▸ **Aim of the exercise**: Make an exact copy, from the records below, of the lines from the line containing "50th Birthday Newspaper" to the line containing "Heated Underwear Suit", both lines included, excluding pictures.

▸ **Supplied data**:
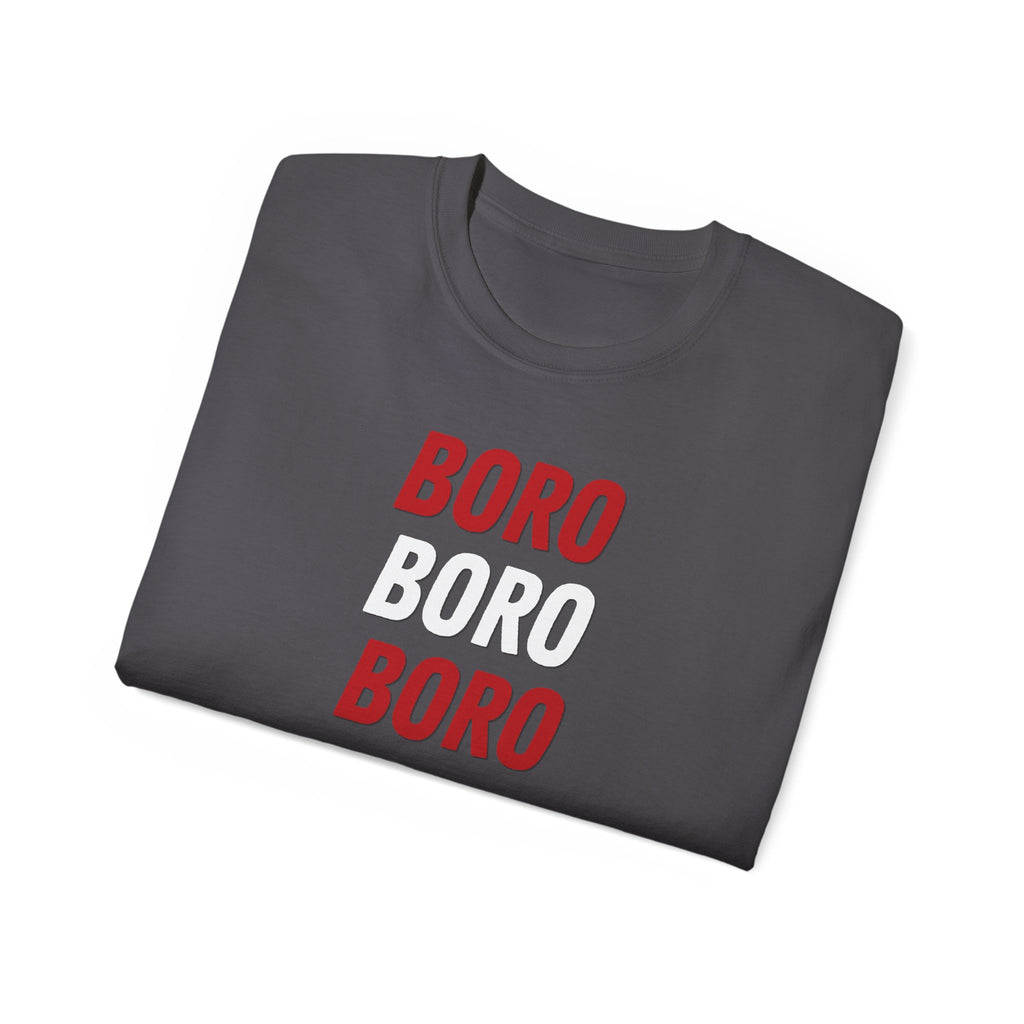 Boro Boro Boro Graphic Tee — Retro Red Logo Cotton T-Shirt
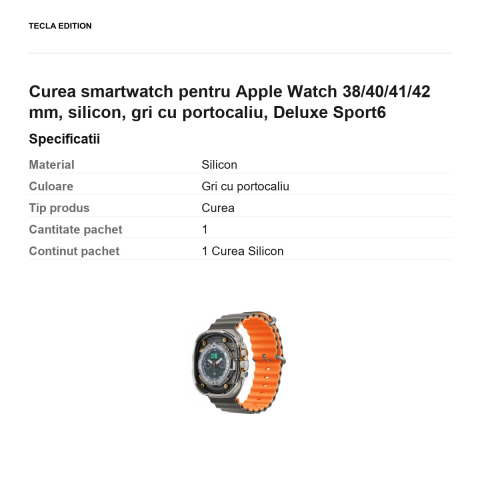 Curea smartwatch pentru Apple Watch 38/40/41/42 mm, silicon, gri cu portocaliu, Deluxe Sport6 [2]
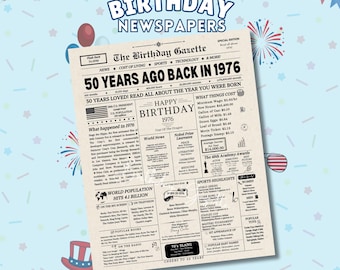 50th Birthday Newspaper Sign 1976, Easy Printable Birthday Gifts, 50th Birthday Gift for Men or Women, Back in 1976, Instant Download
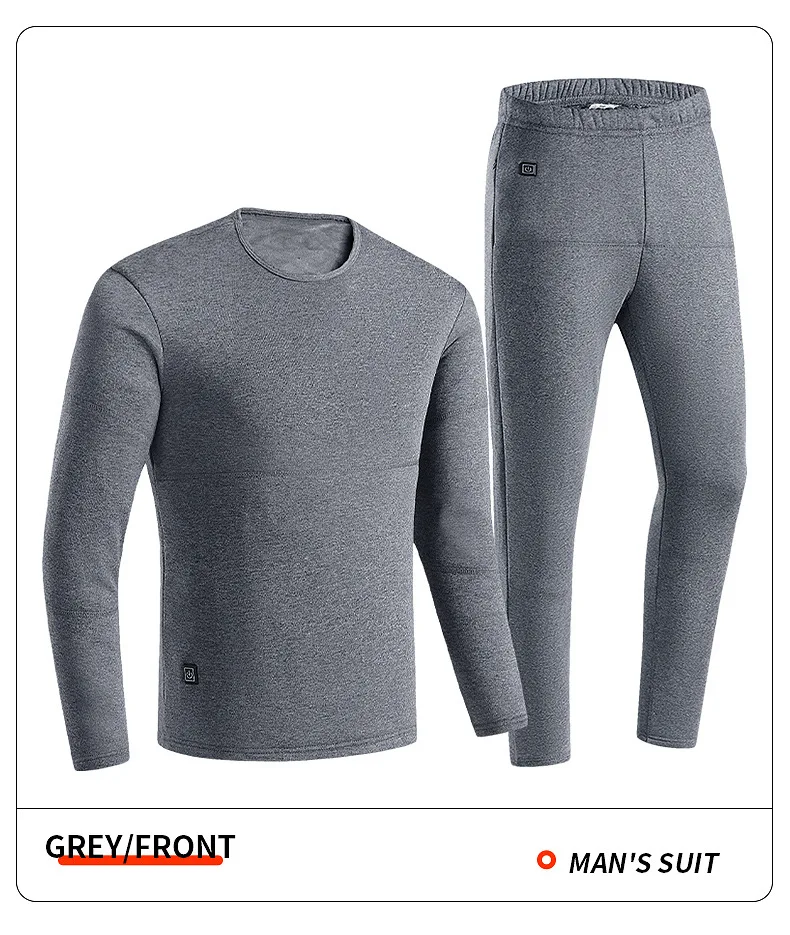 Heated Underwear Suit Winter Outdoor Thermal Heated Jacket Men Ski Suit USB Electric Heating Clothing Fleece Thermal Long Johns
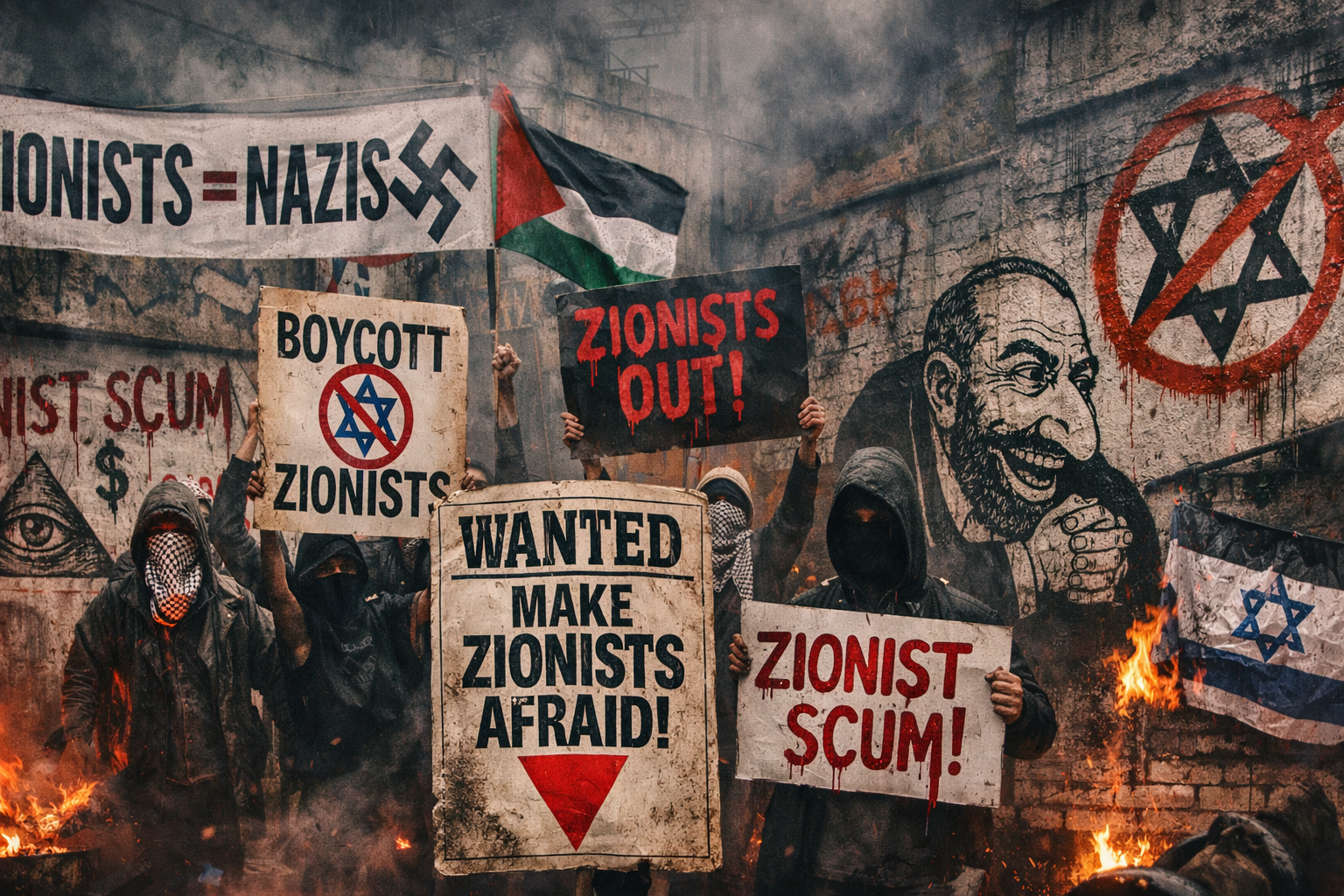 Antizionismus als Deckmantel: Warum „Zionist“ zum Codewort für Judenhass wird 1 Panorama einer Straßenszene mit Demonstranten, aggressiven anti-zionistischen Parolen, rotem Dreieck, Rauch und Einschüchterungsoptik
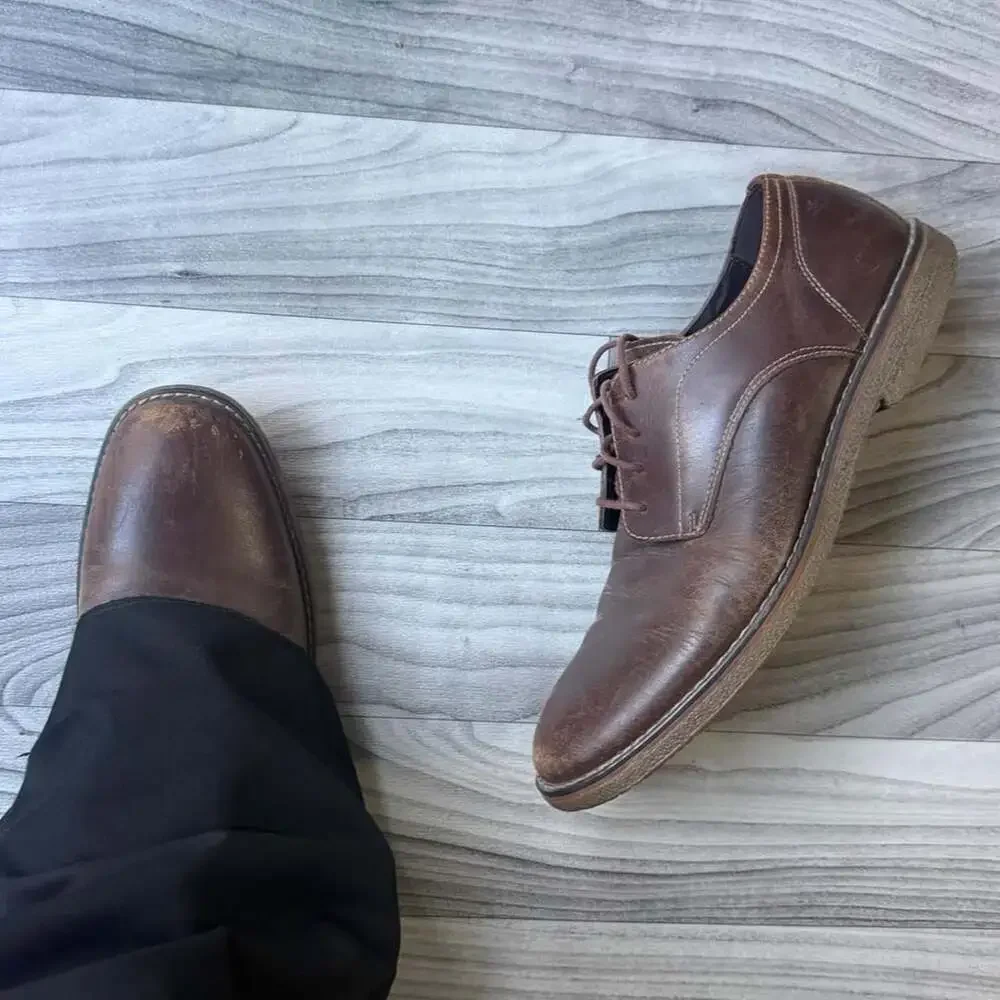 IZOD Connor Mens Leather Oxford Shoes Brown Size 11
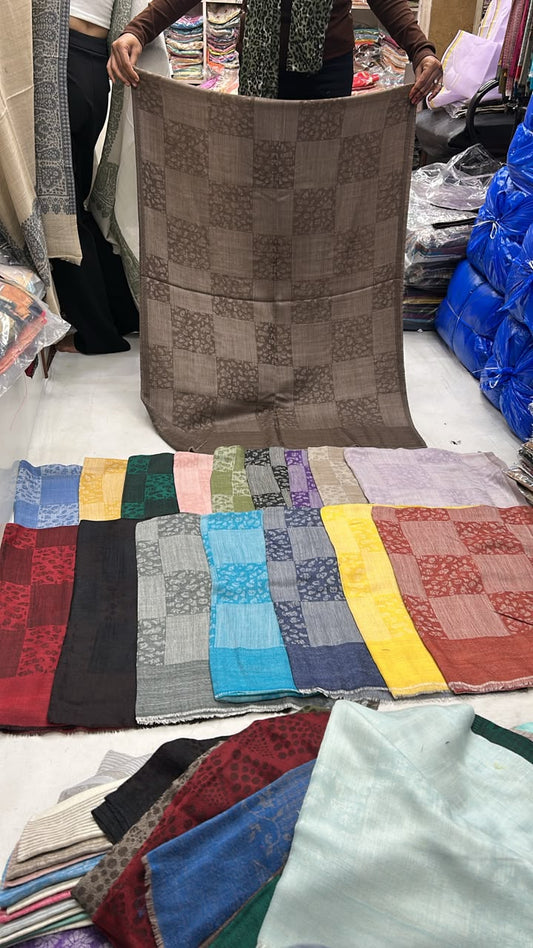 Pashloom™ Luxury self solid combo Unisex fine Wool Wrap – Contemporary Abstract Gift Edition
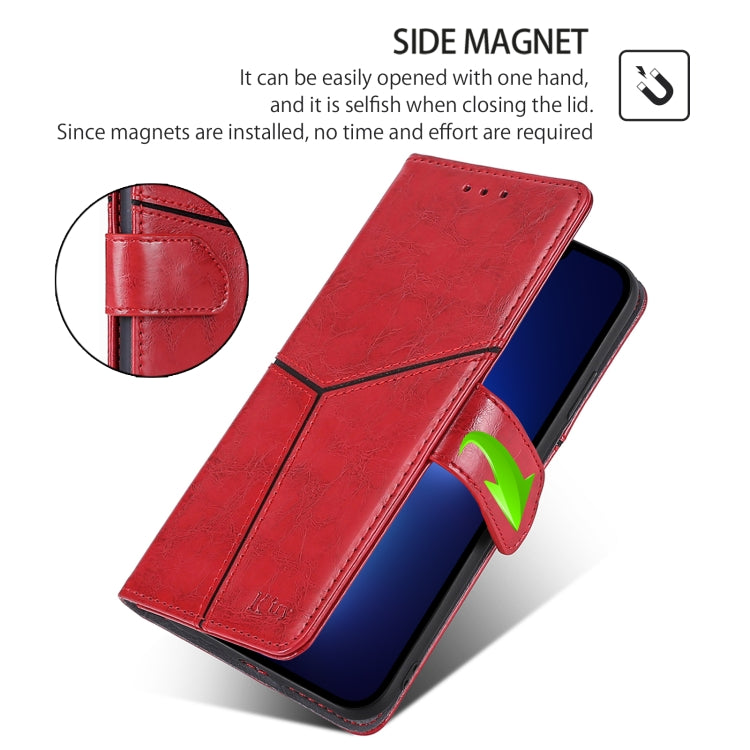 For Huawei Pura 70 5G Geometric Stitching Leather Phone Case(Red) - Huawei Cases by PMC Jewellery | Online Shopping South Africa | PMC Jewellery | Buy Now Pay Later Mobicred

▸ **Solution to this exercise**:
 50th Birthday Newspaper Sign 1976, Easy Printable Birthday Gifts, 50th Birthday Gift for Men or Women, Back in 1976, Instant Download
 Heated Underwear Suit Winter Outdoor Thermal Heated Jacket Men Ski Suit USB Electric Heating Clothing Fleece Thermal Long Johns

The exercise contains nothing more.